Tips And Tricks For How To Troll Our Lures
High-speed trolling is useful when you want to cover a lot of ground or when you're moving through a lot of dispersed grass. Instead of using ballyhoo, try rigging just a hook and lure with beads or extra weight as a spacer between the head and the end of the skirt, this will allow you to speed up and cut through the grass.

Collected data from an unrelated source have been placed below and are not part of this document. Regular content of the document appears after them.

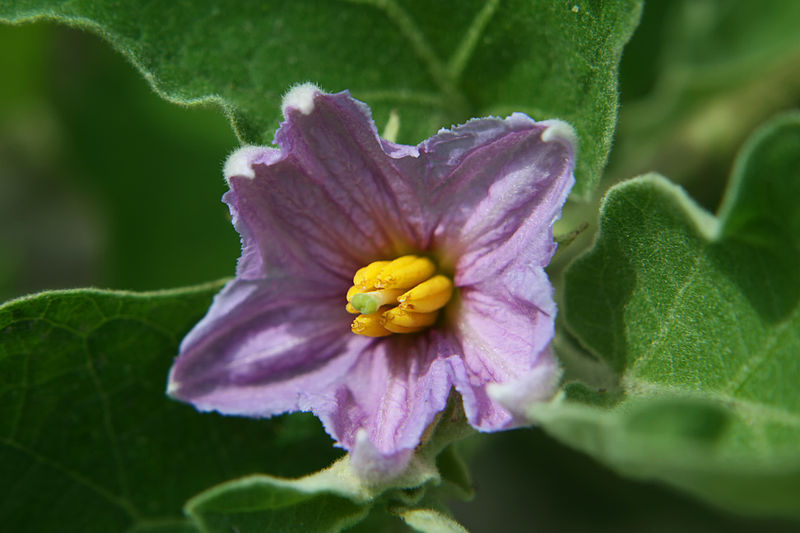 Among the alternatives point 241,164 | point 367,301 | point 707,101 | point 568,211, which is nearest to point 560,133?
point 367,301

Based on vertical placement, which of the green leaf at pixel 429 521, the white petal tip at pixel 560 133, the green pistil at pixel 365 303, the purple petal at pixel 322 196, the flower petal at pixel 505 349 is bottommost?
the green leaf at pixel 429 521

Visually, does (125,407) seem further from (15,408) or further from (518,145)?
(518,145)

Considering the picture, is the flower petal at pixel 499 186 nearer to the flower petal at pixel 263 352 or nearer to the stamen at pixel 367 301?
the stamen at pixel 367 301

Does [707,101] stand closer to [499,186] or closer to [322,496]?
[499,186]

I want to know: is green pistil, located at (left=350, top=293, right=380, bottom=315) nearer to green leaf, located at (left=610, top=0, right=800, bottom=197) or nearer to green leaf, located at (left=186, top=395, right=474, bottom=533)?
green leaf, located at (left=186, top=395, right=474, bottom=533)

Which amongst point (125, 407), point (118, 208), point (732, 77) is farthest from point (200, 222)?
point (732, 77)

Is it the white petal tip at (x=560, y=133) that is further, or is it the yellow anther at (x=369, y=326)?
the yellow anther at (x=369, y=326)

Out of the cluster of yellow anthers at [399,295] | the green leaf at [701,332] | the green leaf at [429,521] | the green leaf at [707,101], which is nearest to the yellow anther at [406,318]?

We typically down size from a 8/0 to a 7/0 hook for our speed troll rigs. The smaller hook allows for a lower profile lure that swims well. It's also worth mentioning that most pelagic species can see really well. The idea behind speed trolling is to mimic bait fleeing another fish. This presents an easy opportunity for the fish to attack, but even still fish may turn away at the last moment when they realize there is something unnatural about the lure. Down sizing the hook will help with this and increase success of reaction strikes.
Standard Ballyhoo Rig
Use a 8/0 J hook, bait spring or copper nose wrap. This is the standard used all around the world. There are several subtle variations anglers use but the concept is the same. Thread a 8/0 J hook under the gill plate and into the body of the ballyhoo. Be careful to keep the hook point in the center of the fish as much as possible. Even a small knick in the skin can turn into a full tear after an hour of trolling. Also the keeping the hook inline produces less wear and tear on the ballyhoo and has better swim action.
King / Deep Troll Rig
This is just a standard rig with 1.5 inch wire braid strip added to prevent cut offs. The hook is placed deeper in the ballyhoo to both decrease tail bite offs and line cutoffs. It's true that the only way to fully prevent cutoffs from King Mackerels and Wahoo is to run piano wire, but we've definitely observed a reduction in the bite when running any size piano wire. A compromise is to add a small 1.5 inch strip of braid wire between the hook and the lure. When rigging, move the hook further back about 1.5", this hides the wire and moves the hook back into the 3rd quarter of the ballyhoo. This will also help prevent cutoffs once the fish is actually hooked up. Many pelagic species will attempt to cut their pray in half before they eat it. This is what causes so many of the cut offs to a standard rig. There will still be times when a fish will miss and take the whole lure off at the head but this method is a good compromise that will increase your strike chances and increase your chances of in fight cutoffs.